Group II 150N inched up $10/ton to $1,010-$1,050/t FOB Asia, while 500N was steady at $1,050-$1,100/t FOB Asia.
In the Group III segment, 4 centiStoke and 6 cSt oils were stable at $1,030-$1,080/t FOB Asia, and the 8 cSt grade was also unchanged at $1,020-$1,050/t FOB Asia.
On an ex-tank Singapore basis, prices were assessed at $1,040-$1,090/t for Group I SN150, reflecting a $20 to $30/ton increase as mentioned above. The SN500 grade was unchanged at $1,050-$1,120/t and bright stock was also steady at $1,170-$1,230/t.

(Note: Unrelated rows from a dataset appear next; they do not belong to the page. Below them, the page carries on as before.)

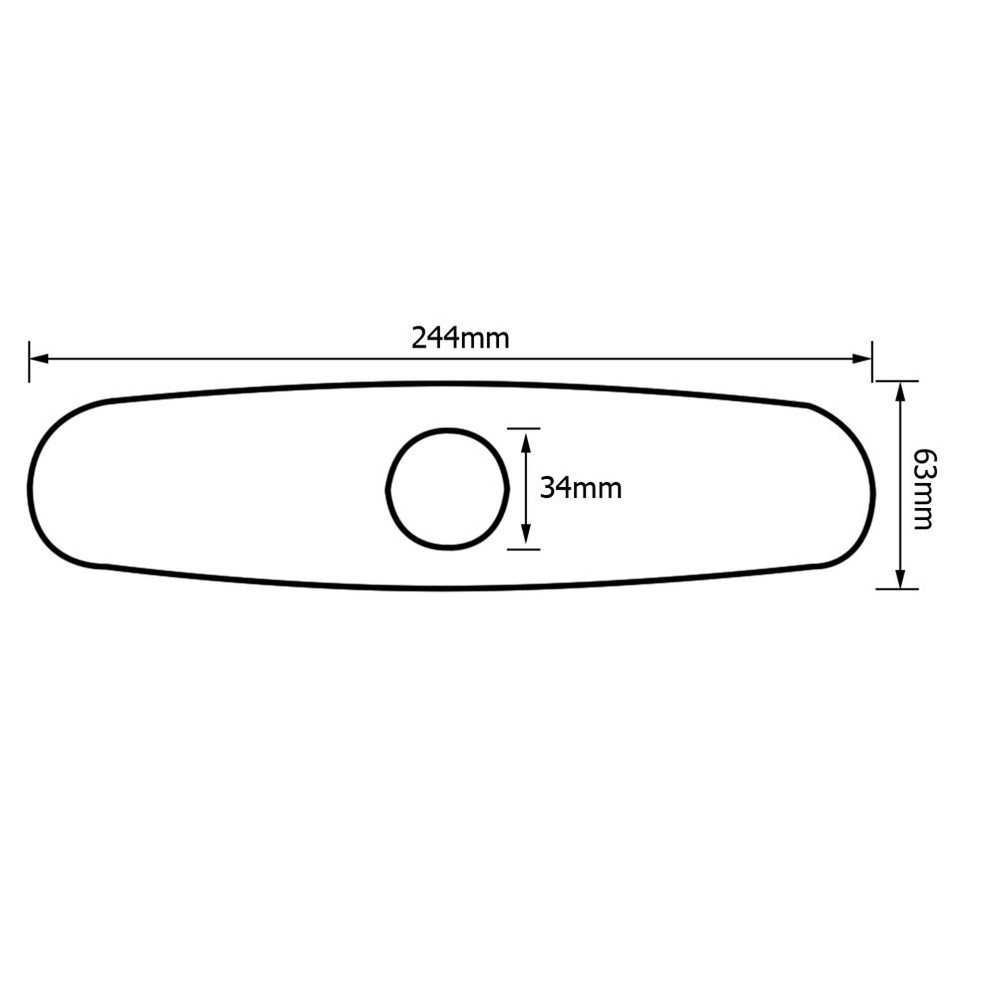 Sink Hole Cover Stainless Steel Tap Hole Panel Brushed Kitchen Accessory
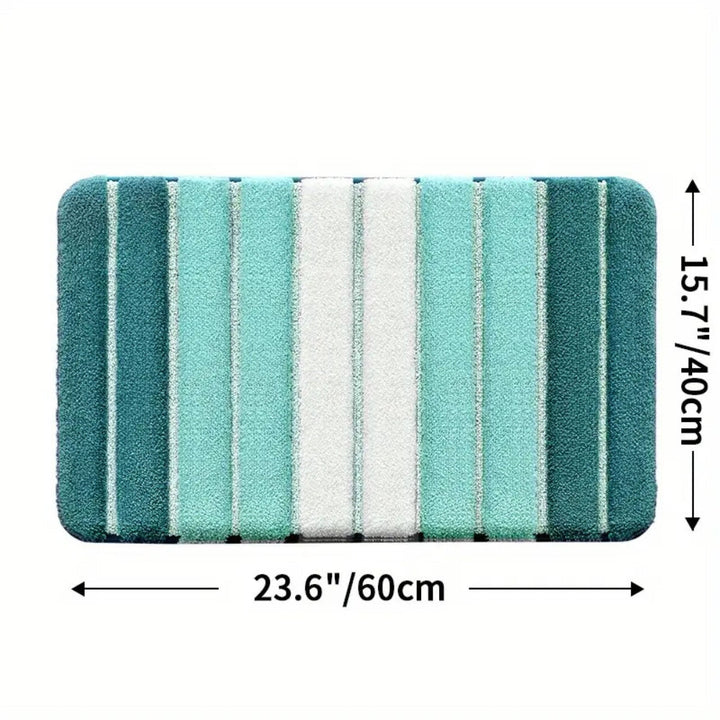BowLift | Lumiere Striped Absorbent Bath Mat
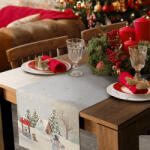  Hóemberes téli táj gobelin karácsonyi asztali futó 45x140 cm +/-5% (462400)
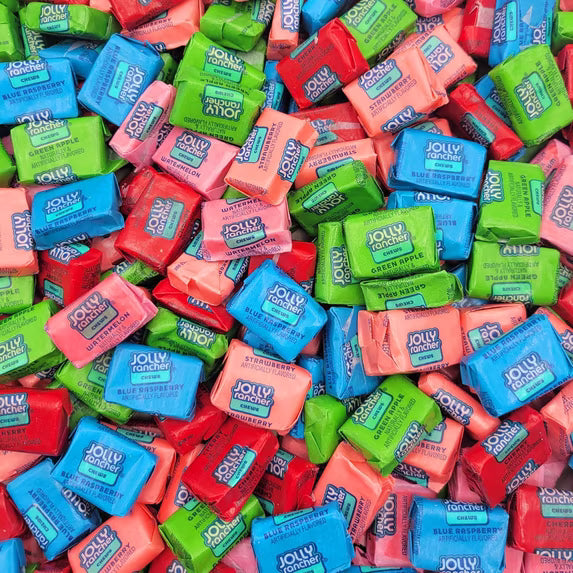 JollyRancher Fruit Flavored Chews Bulk Candy Box, 95 Individually Wrapped Candy Assorted Pack for Sharing, Parties, and Snack Bags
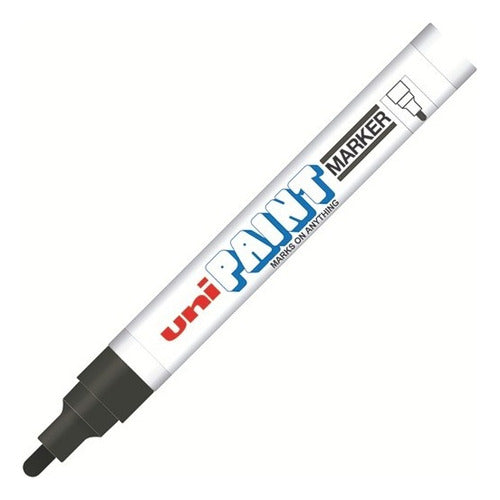 Marcador Permanente Azor Unipaint Px20ne Color Negro C/12pzs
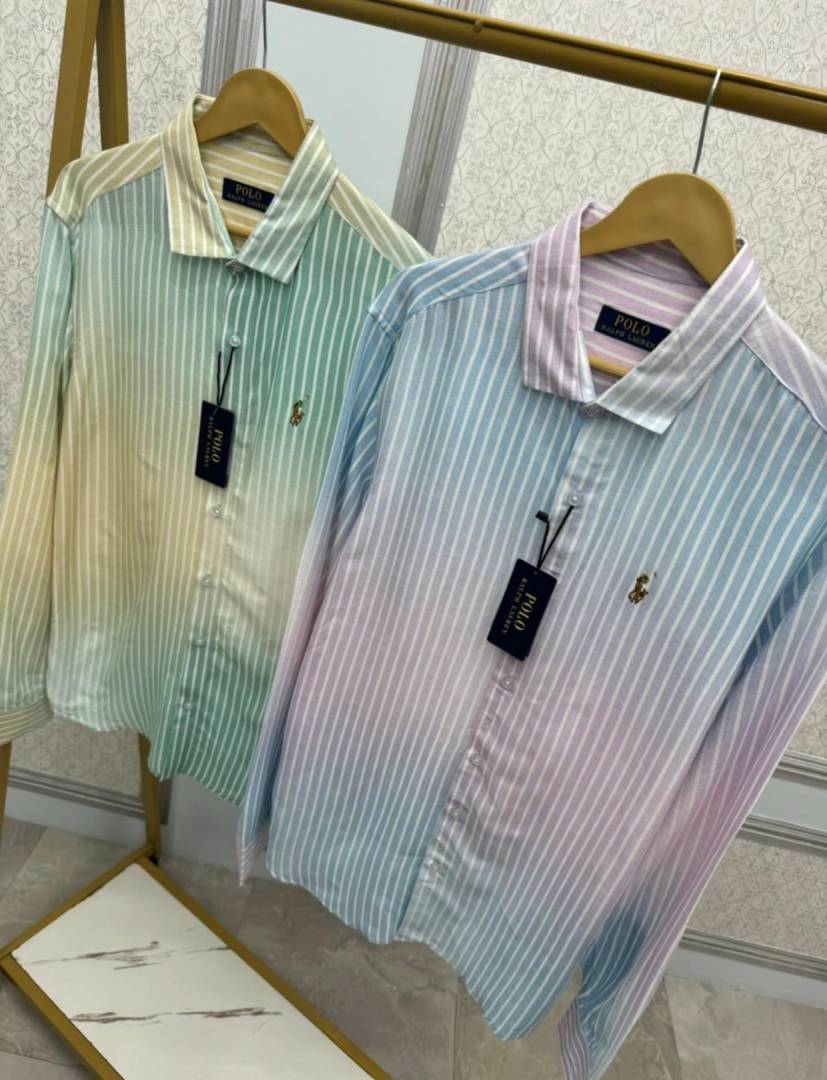 Ralph LAUREN P-OLO IMPORTED STORE ARTICLE Linen Cloth SHIRT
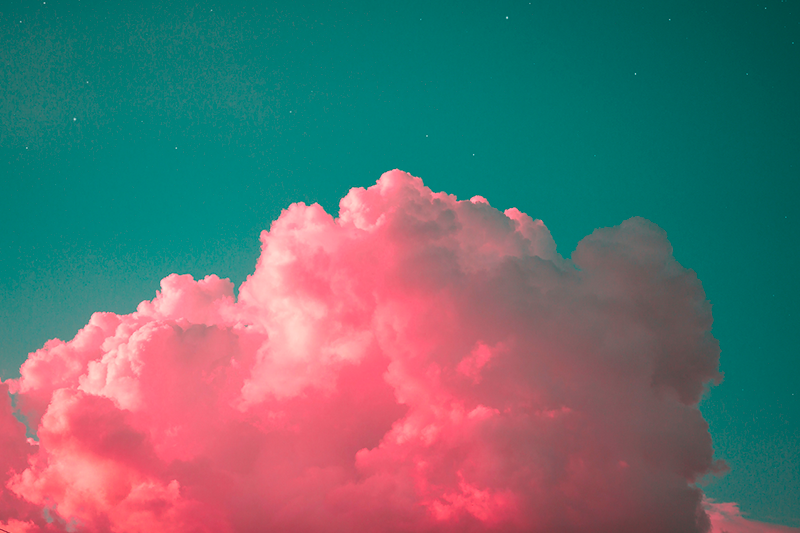 Tischset modern rosa wolkenblush - TenStickers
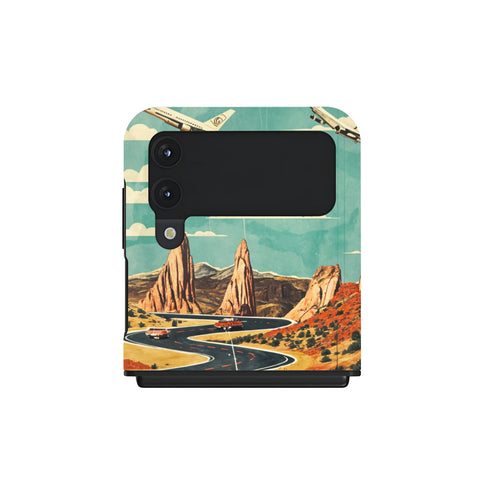 Vintage Journey Route - Samsung Galaxy Z Flip 4 Case
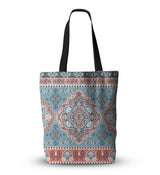 Turkish bohemian Ethnic Canvas Tote Bag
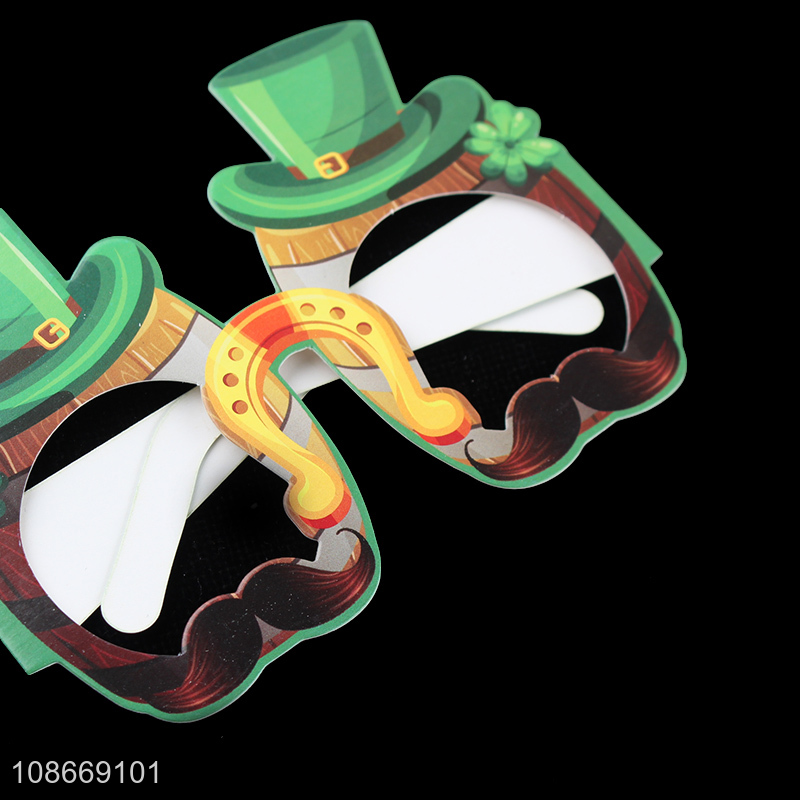 New Product St. Patrick's Day Paper Glasses Irish Festival Party Decoration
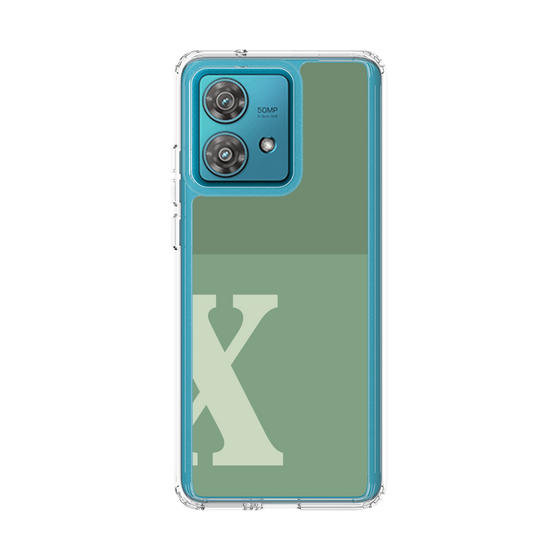 スリムプロテクションケース［ オリジナル - initial two tone - X green ］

There was quite a bit of interest to move base oils ex-South Korea this week, with a 2,800-metric ton cargo of four grades expected to be shipped from Yeosu to Merak, Indonesia, during April 20-30. A second 1,100-ton lot of two grades was expected to be loaded in Yeosu for Gresik, also in Indonesia, in April. A 1,500-ton parcel was being discussed from Ulsan to Hong Kong and Zhuhai, China, for April 3-7 loading. A 1,000-ton cargo was on the table for Ulsan or Yeosu to Nansha, China, for March 25-29 lifting. A 3,000-4,000-ton lot was expected to cover Ulsan or Yeosu to Nantong, China, for March 25-29 loading.
Finally, a 2,000-ton parcel was being worked on from Karachi, Pakistan, to Hamriyah, United Arab Emirates, for March 22-23 shipment.
Upstream, May ICE Brent Singapore futures were trading at $106.68 per barrel in afternoon trading March 24, compared with April futures at $107.57/bbl on March 17.